We show a relation, based on parallel repetition of the Magic Square game, that can be solved, with probability exponentially close to $1$ (worst-case input), by $1D$ (uniform) depth $2$, geometrically-local, noisy (noise below a threshold), fan-in $4$, quantum circuits. We show that the same relation cannot be solved, with an exponentially small success probability (averaged over inputs drawn uniformly), by $1D$ (non-uniform) geometrically-local, sub-linear depth, classical circuits consisting of fan-in $2$ NAND gates. Quantum and classical circuits are allowed to use input-independent (geometrically-non-local) resource states, that is entanglement and randomness respectively. To the best of our knowledge, previous best (analogous) depth separation for a task between quantum and classical circuits was constant v/s sub-logarithmic, although for general (geometrically non-local) circuits. Our hardness result for classical circuits is based on a direct product theorem about classical communication protocols from Jain and Kundu [JK22]. As an application, we propose a protocol that can potentially demonstrate verifiable quantum advantage in the NISQ era. We also provide generalizations of our result for higher dimensional circuits as well as a wider class of Bell games.

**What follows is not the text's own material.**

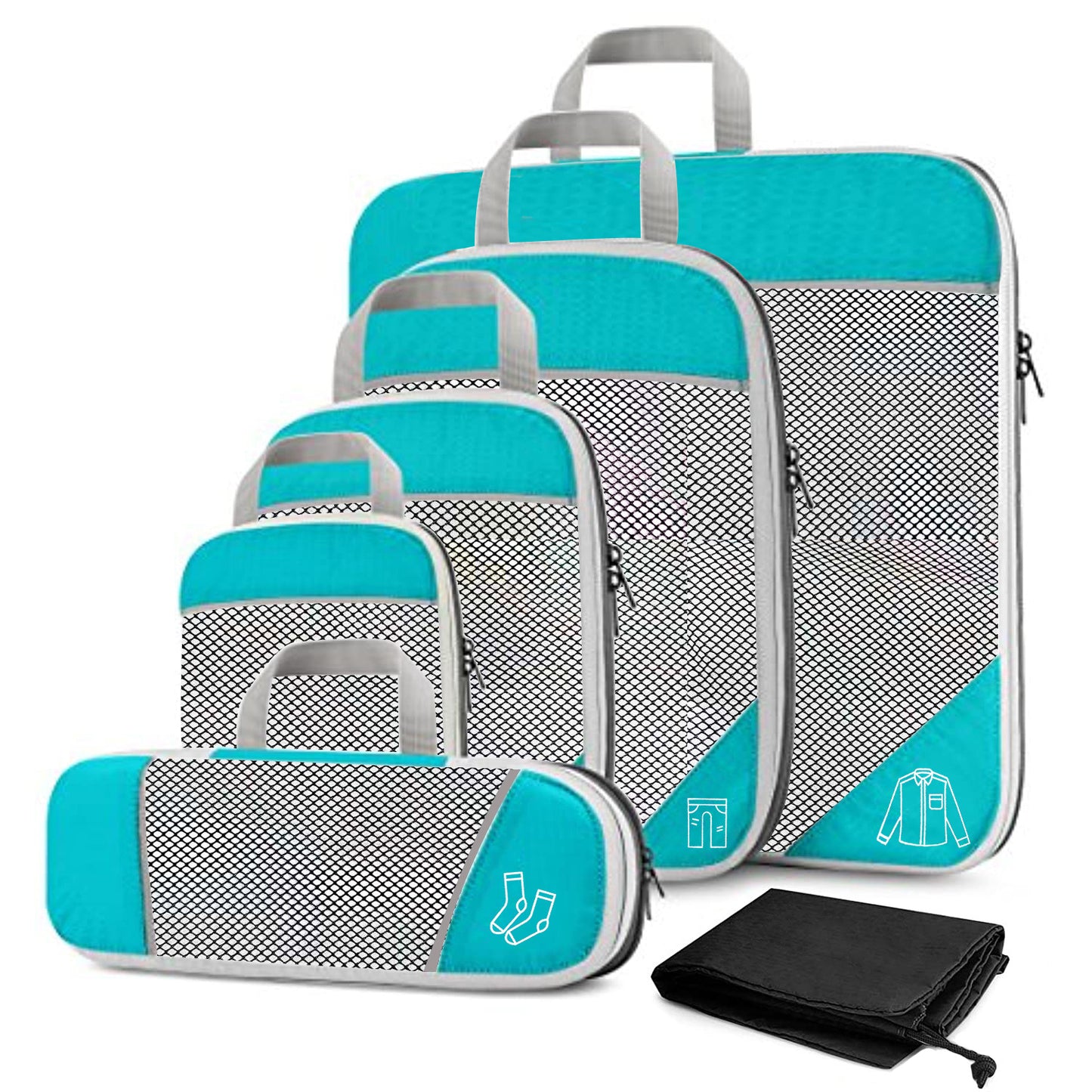 Travel Compressible Storage Bag Storage Bag Set With Shoe Bag Mesh Visual Luggage Storage Organizer Storage Bag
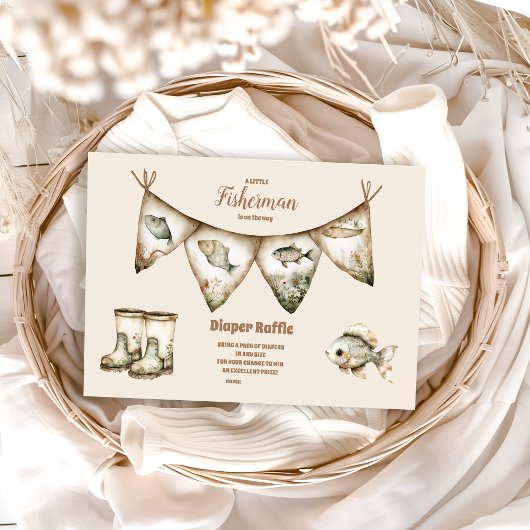 リトルフィッシャーマン魚釣りベビーシューウィディッパーラッフル エンクロージャーカード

翻译：我们展示一种基于"魔法方"游戏并行重复的关系，该关系可由一维（均匀）深度为2、几何局部、噪声（低于阈值）、扇入为4的量子电路以接近1的概率（最坏情况输入）求解。同时表明，同一关系无法由一维（非均匀）几何局部、亚线性深度的扇入为2的NAND门经典电路以指数小成功概率（均匀随机输入平均）求解。量子与经典电路均允许使用与输入无关的（几何非局部）资源态，即分别对应纠缠与随机性。据我们所知，此前量子与经典电路能力差别的（类似）最佳深度分离为常数对亚对数级——尽管针对的是一般（几何非局部）电路。我们对经典电路的困难性证明基于Jain与Kundu [JK22]关于经典通信协议的直积定理。作为应用，我们提出一个可在NISQ时代展现可验证量子优势的协议。此外，我们给出了结果在高维电路及更广泛贝尔游戏类中的推广。